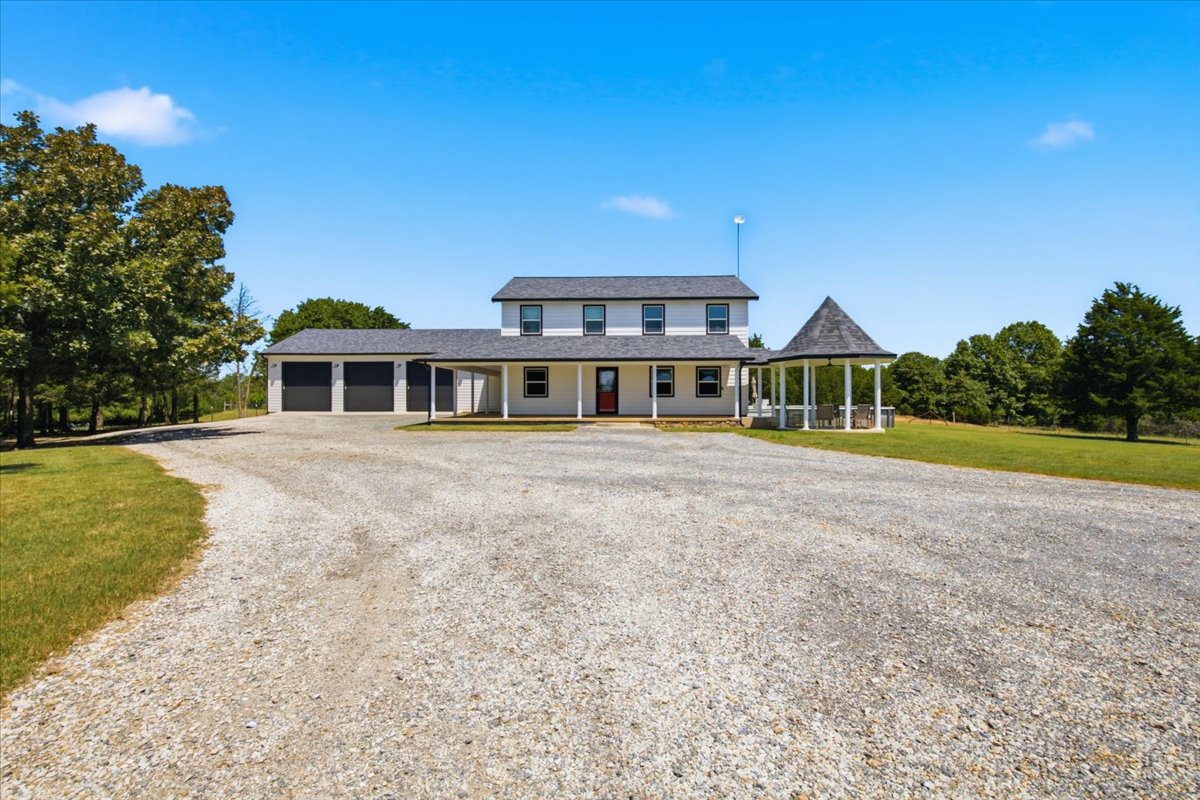 7587 County Road 3610 Property Photo 1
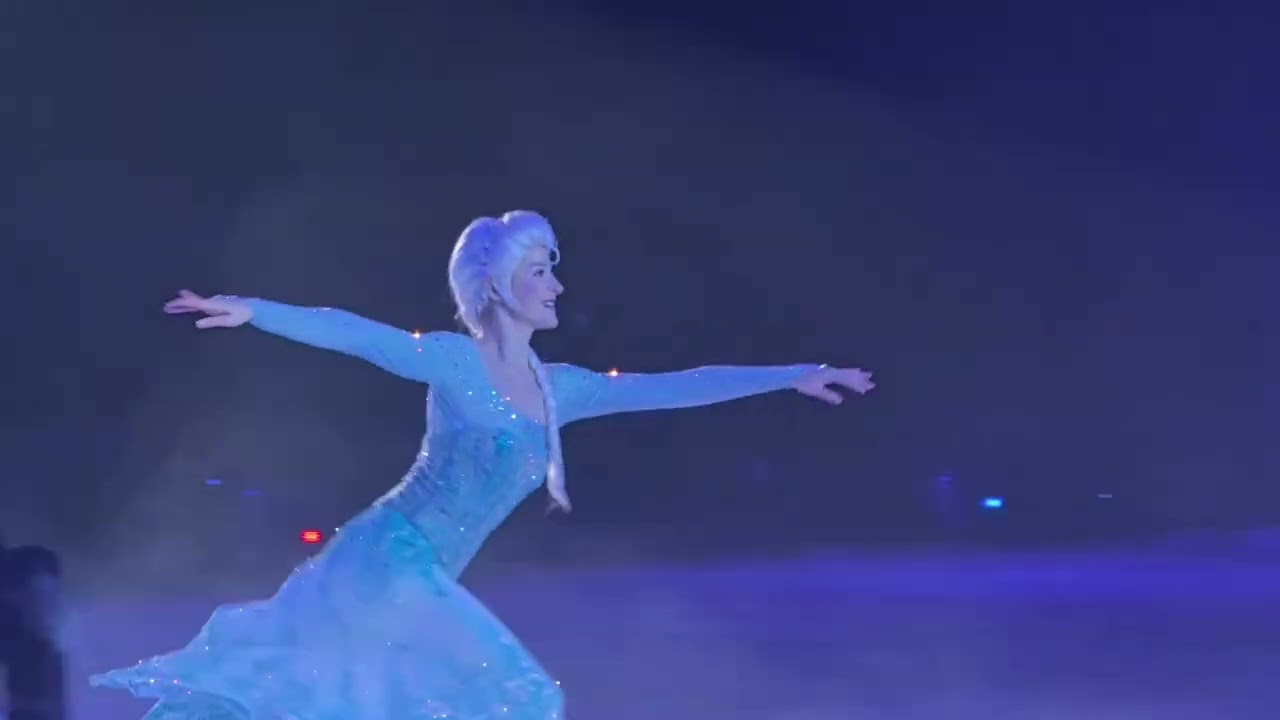 Disney On Ice presents Find Your Hero : Frozen - Let It Go
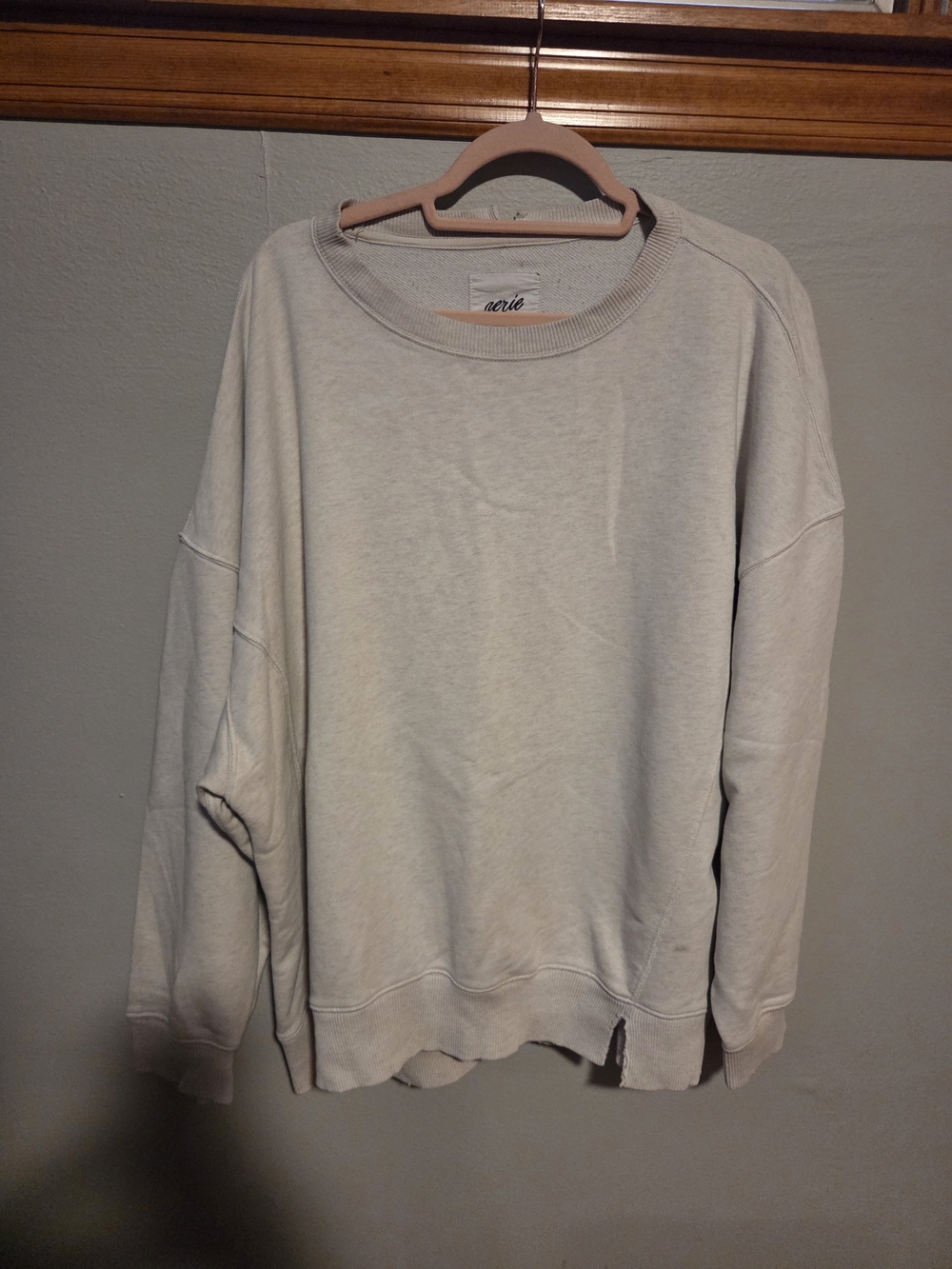 aerie Crewneck Sweatshirt in Light Grey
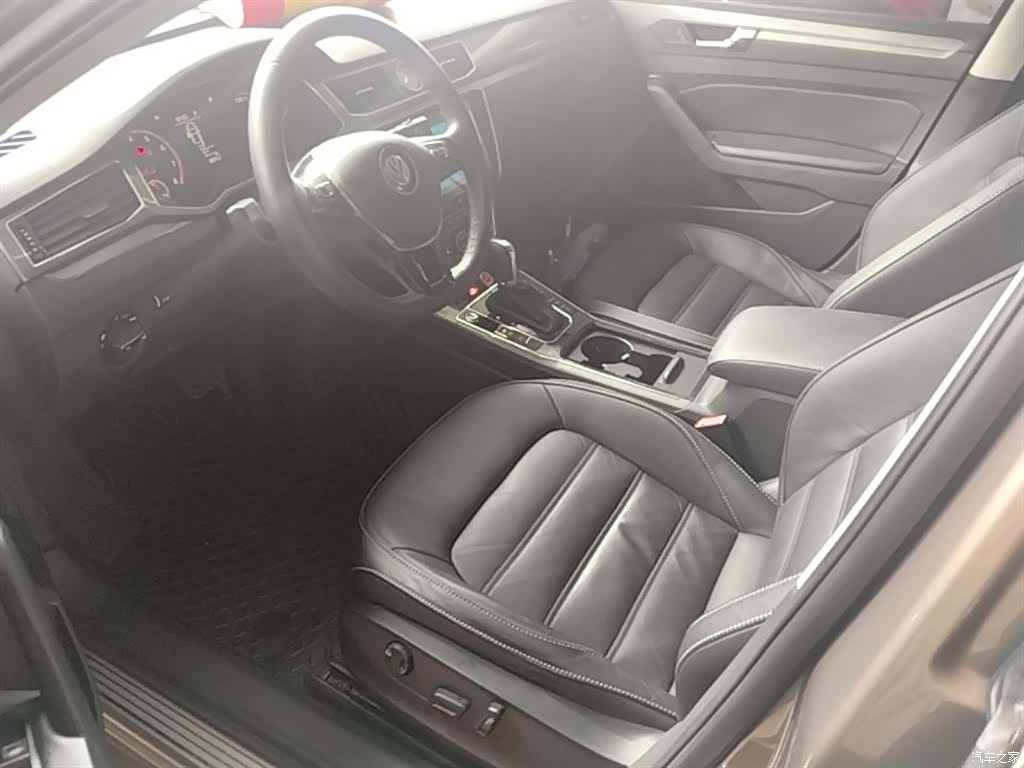 Volkswagen Passat, 2017 15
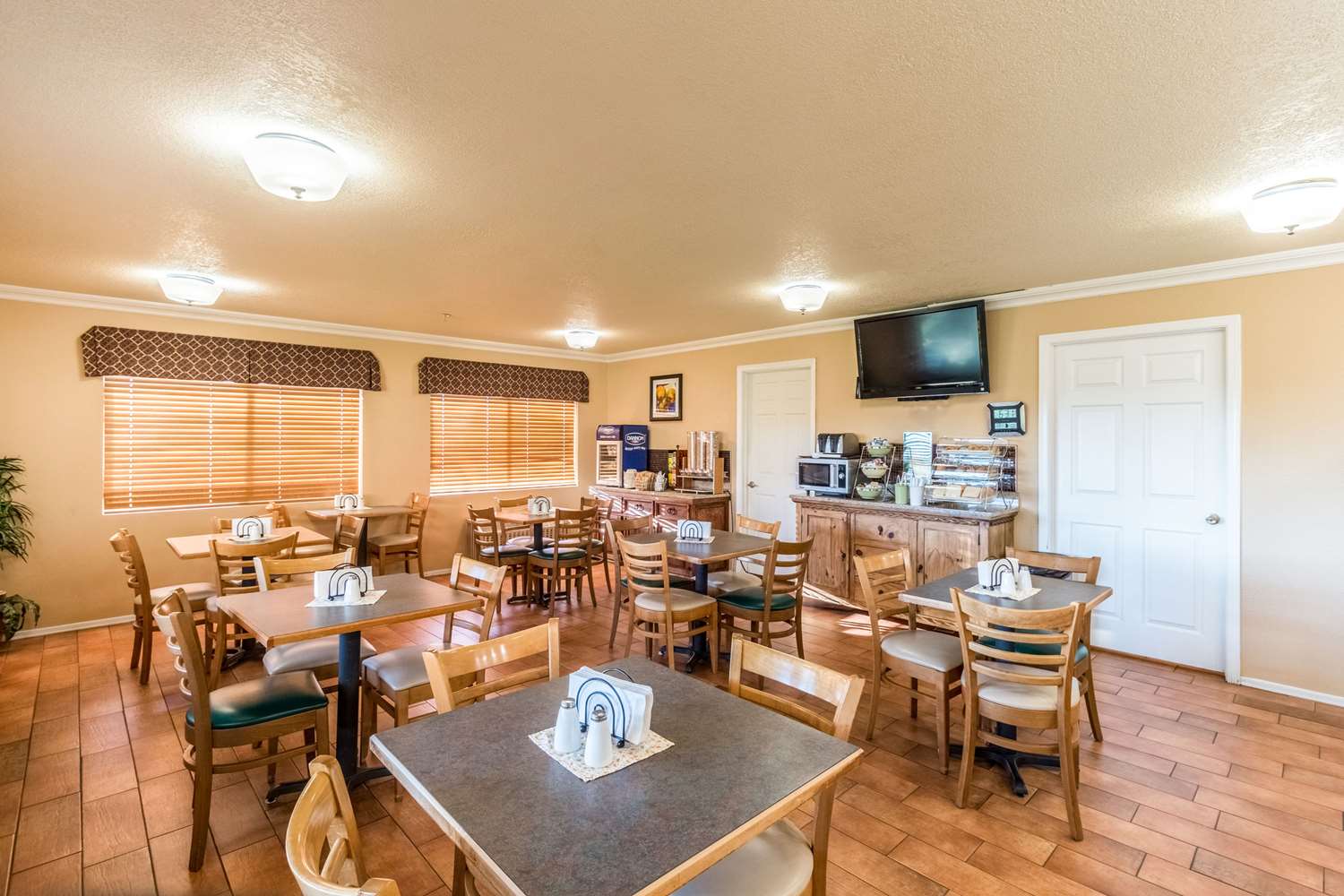 Quality Inn Casa Grande I-10 34/40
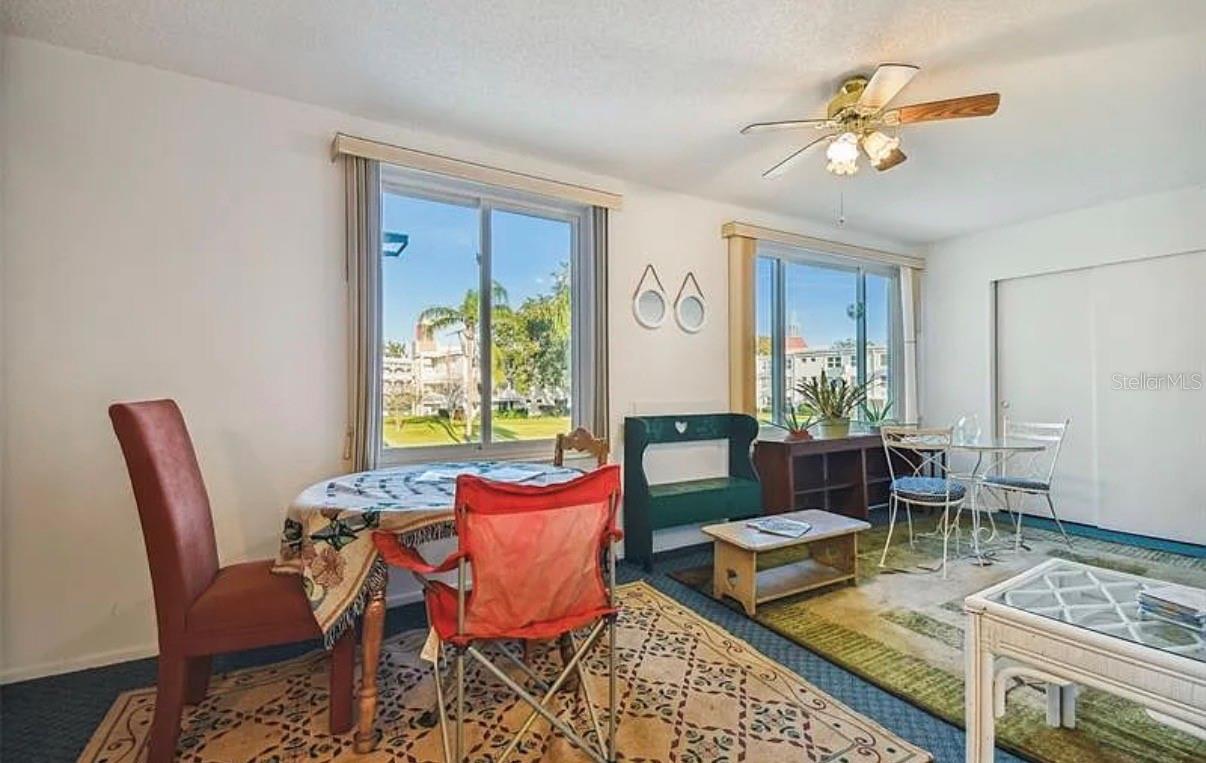 Image 4 of 41 For 2404 Florentine Way 32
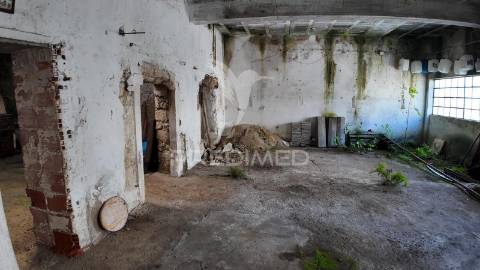 Moradia t3 para restaurar – pernes, santarém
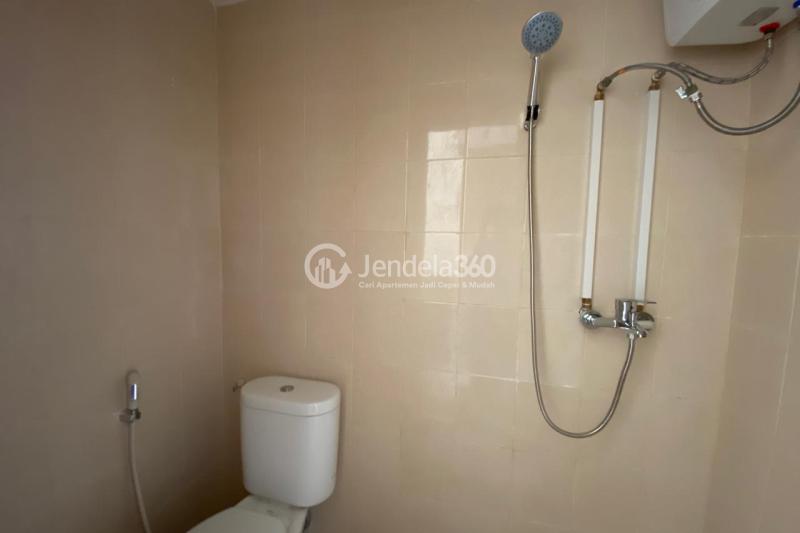 Bathroom Studio Apartment with  View at Sunter Park View Apartment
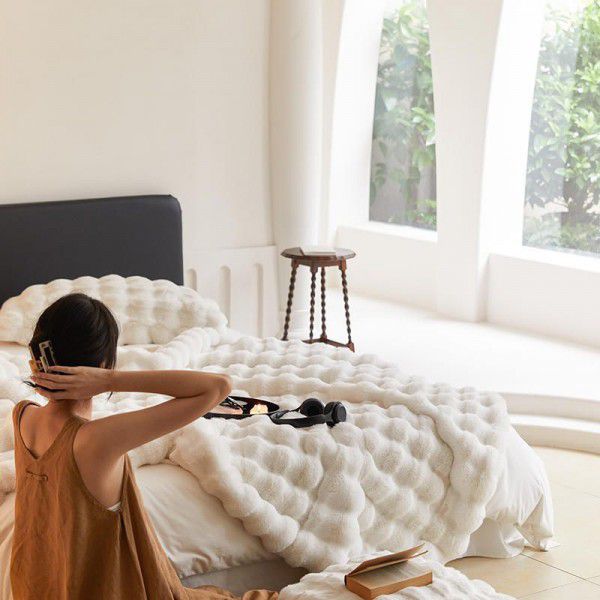 Short plush casual blanket, light luxury, high-end sofa blanket, soft and warm blanket, fur blanket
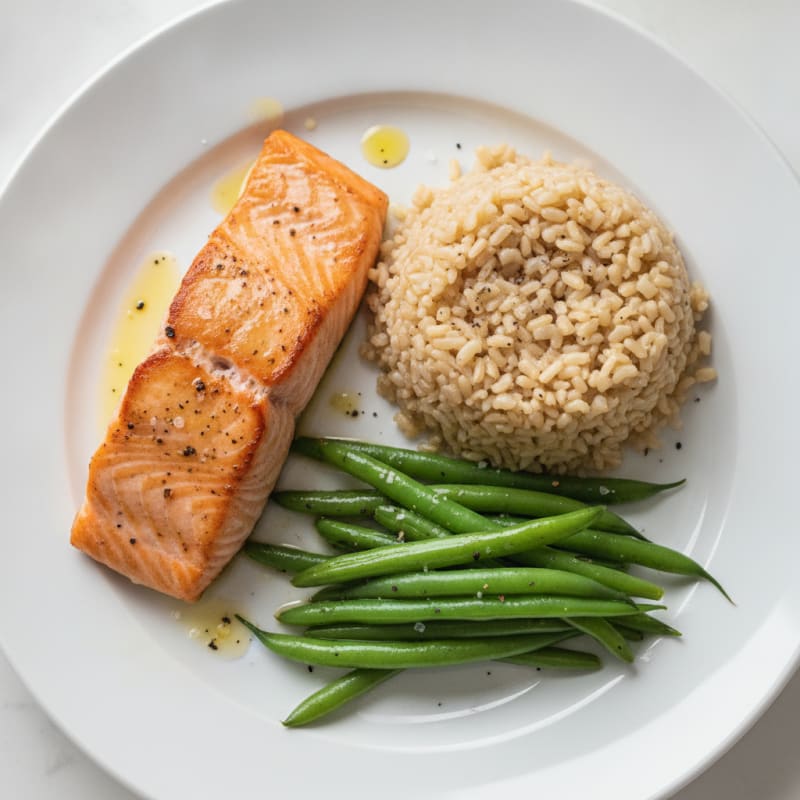 Seared Salmon Fillet with Steamed Green Beans and Brown Rice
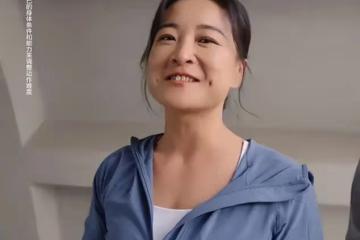 42歲賈玲百花獎雙提名，是實至名歸還是電影圈的「墮落」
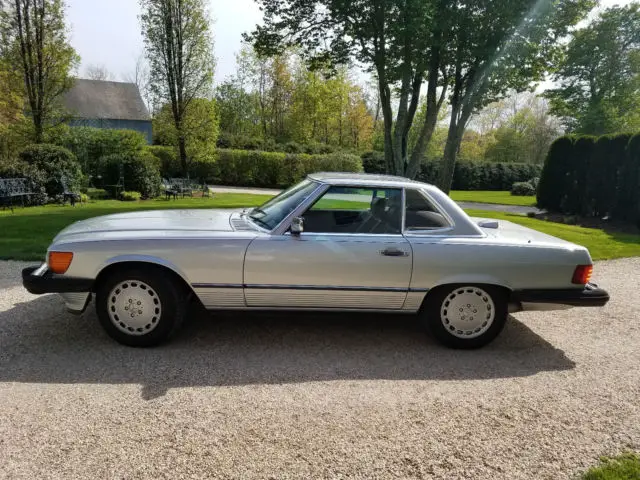 1986 mercedes-benz 560sl - great condition - hard top and convertible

□ □ □ □

Work instruction:
Exactly the lines from the one that contains "Seared Salmon Fillet" to the last line of the data, both included, should be set down, and no pictures should appear among them.

Task result:
 Seared Salmon Fillet with Steamed Green Beans and Brown Rice
 42歲賈玲百花獎雙提名，是實至名歸還是電影圈的「墮落」
 1986 mercedes-benz 560sl - great condition - hard top and convertible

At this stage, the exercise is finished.